In that context, one notable critique, from Vancouver city councilor Geoff Meggs, has me somewhat mystified. Meggs comments that my paper is “not bold enough” because it “largely skips over the need — and potential — for a major increase in market rental stock that could give quick assistance to the region’s hundreds of thousands of renters. … As yesterday’s City of Vancouver housing report card demonstrated, this is an area where even a municipality can trigger the production of thousands of market rental units within the price range of lower and middle income families.”

Part of the disconnect may be that my report was looking at Metro Vancouver not just the City of Vancouver, and so I did not want to get into the weeds on specific City of Vancouver efforts/projects, or I would have do the same for Surrey, New West and so forth. In the paper, I note that Metro Vancouver municipalities, in the absence of senior government support, have attempted to incentivize new market rental stock by putting up city-owned land, and waiving development cost levies and parking requirements. These efforts have met with some measure of success, although they have been slow to materialize.

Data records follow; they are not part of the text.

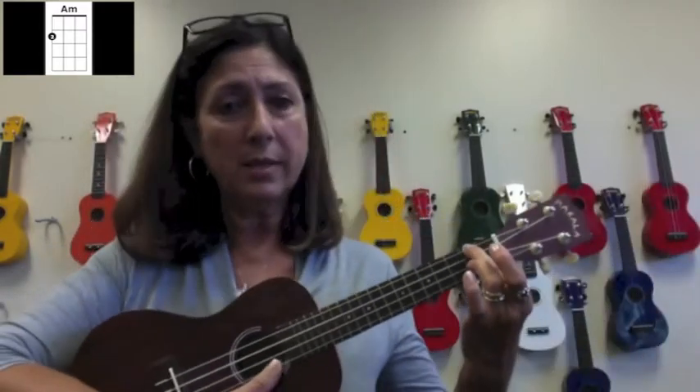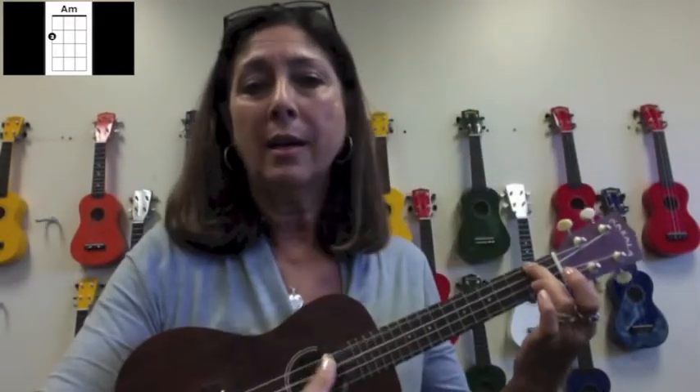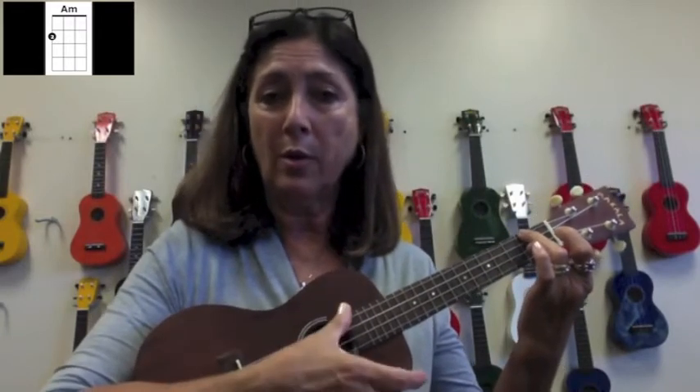That's what it looks like. We're going to press down so that the string touches the neck of the ukulele, our thumb is behind, and that's the sound of the A minor chord with our thumb.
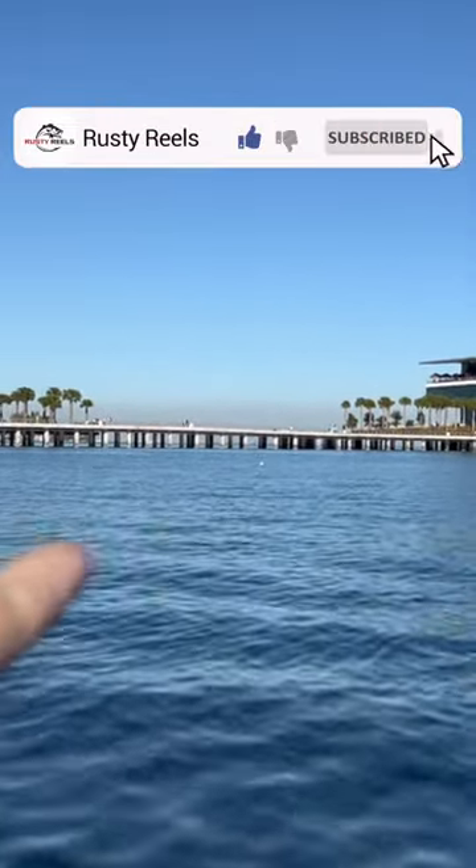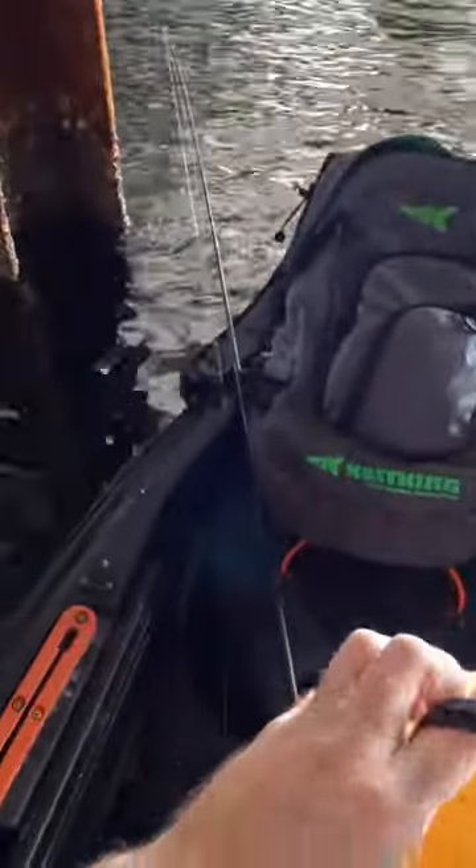We are heading to the pier, right underneath there. Alright guys, I got some Fiddler crabs — I don't know if you can see those in there. They're a little small so I'm probably going to double them up.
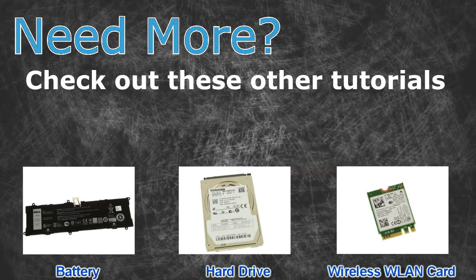Need more? Check out these other tutorials. For batteries, click here. For hard drives, click here. For wireless cards, click here.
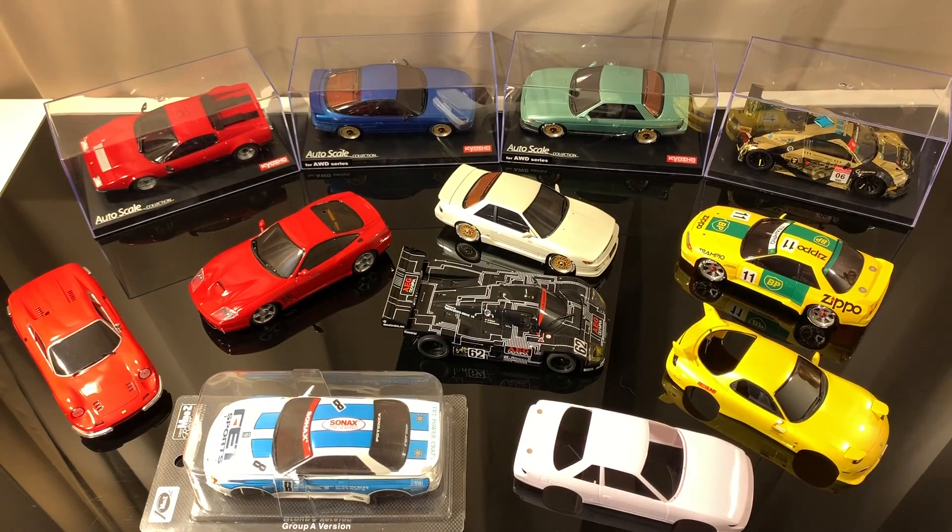What's up YouTube, BMR here, and today we're going to talk about autoscale compatibility. I don't have time to go in depth on every single body out there, but my goal today is to give you the tools to go out and research autoscale bodies and figure out whether they'll be compatible with your chassis, and if not, what parts you need to swap out to make it compatible.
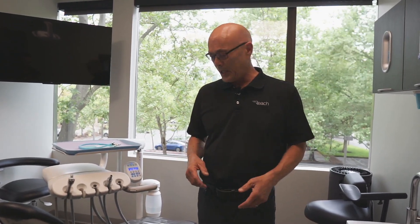Hello, welcome to Reach Tips. Today's topic is flushing water through your delivery unit. It's recommended that you do it once a day, preferably in the morning after it's sat overnight or over a long weekend.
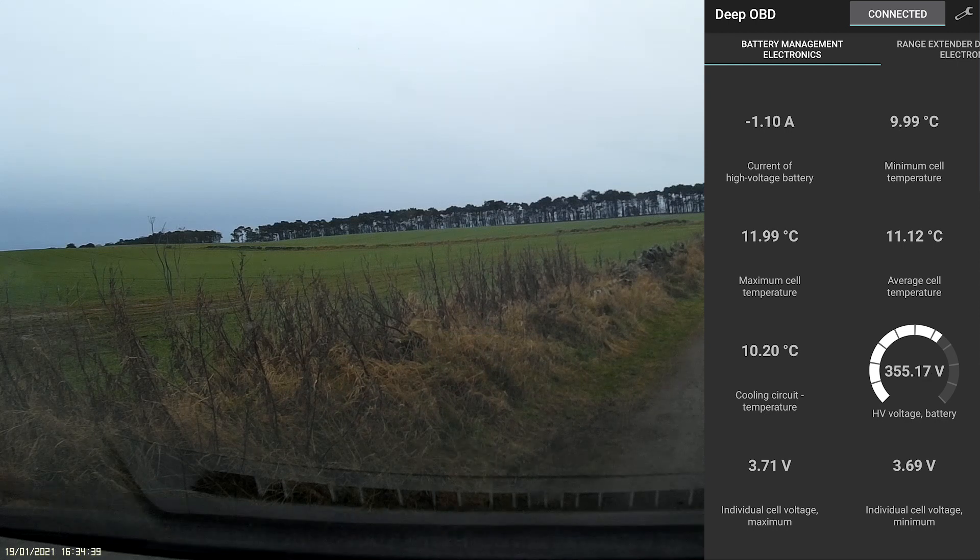If I switch on the heating at full power — right, about 18 amps from the battery just for the heating on full power, 17–18 amps. That's a heck of a lot of power.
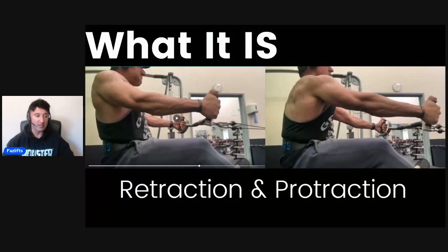What I'm talking about is retraction and protraction. Retraction: pulling your shoulders right the way back, then protraction: letting them go forward. All the muscles of the upper back contribute to the pull. It's such a good movement — give this a try.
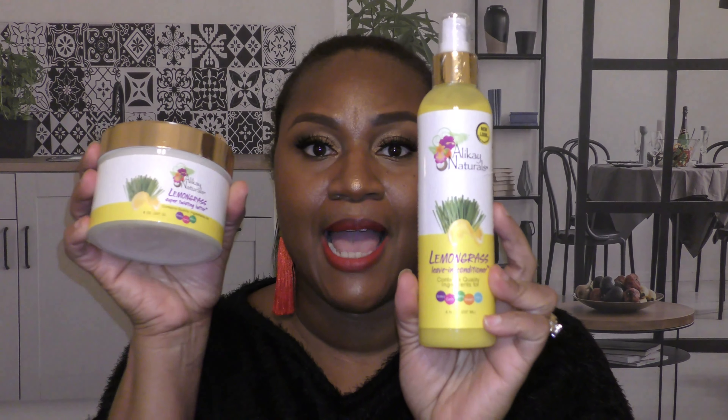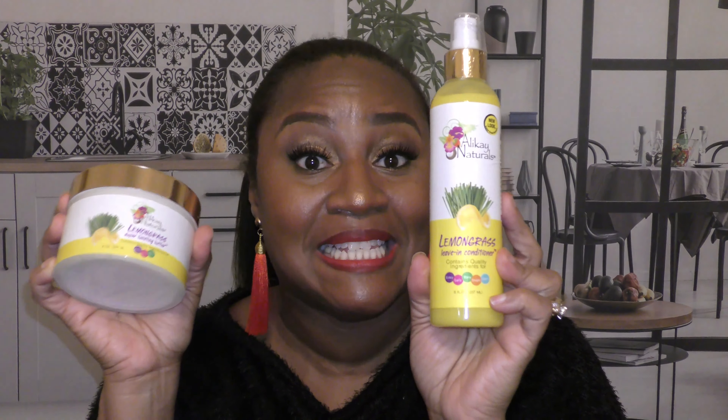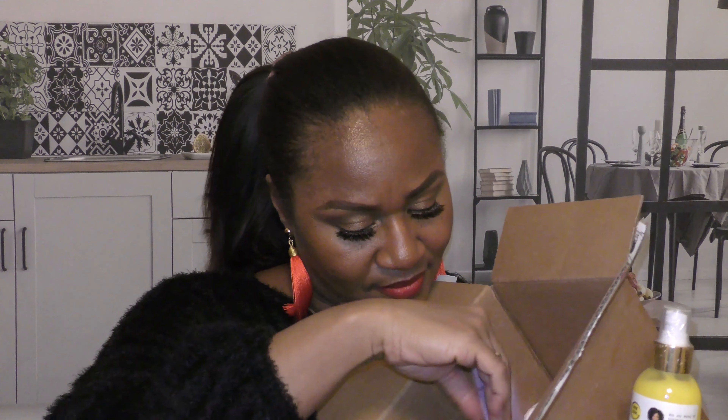The final item in the Allocaine Naturals box is the Lemongrass Leave-In Conditioner. On their website I discovered this is what's commonly referred to as 'liquid gold.' I plan to pair this with the twisting butter and I'm so optimistic I'll have an amazing twist out. There was also a sample — the Honey and Sage Deep Conditioner — I'll look forward to trying that as well.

Another part may be that the report was completed before the just-updated-and-released City of Vancouver housing and homelessness plan, which aspires to increase their efforts to expand market rental housing. In that context, this critique in The Tyee, published at the same time as Meggs’ blog post, is worth mulling over. While the City’s efforts may be alternative or complementary to my proposals, I don’t see them as a magic button that is going give “quick assistance to hundreds of thousands of renters,” nor does Meggs explain further.

As for the new “affordable” rental units that have been constructed to date, they are typically still out of the reach of low-income households. I don’t point fingers at the City of Vancouver specifically for this. It’s just that in the absence of senior government funding, the economics works against building and operating units that are truly affordable for the poorest. The City’s model instead relies on cross-subsidization across the units in the building, even with the municipal contribution of land and waived fees.

There is also the bigger question of to what extent should private rental be a central part of the solution. Some have suggested rental tax credits on the part of senior governments as a means of spurring new private rental development (see this piece by the CD Howe Institute as an example).

Dollar for dollar, though, if we are going to use public funds to subsidize housing I strongly prefer public investment in new social and cooperative housing. As I show in the paper the rent paid on new public units pays back the upfront capital within 20-30 years (depending on the rent charged), and after that the building would provide positive cash flow back to the public sector, rather than a long-term stream of profits to the private landlord. This positive and public dynamic is precisely what’s happening now at the regional level as mortgages on social housing stock held by the Metro Vancouver Housing Corporation are paid off, and the region now has a surplus that could be re-invested in new affordable housing.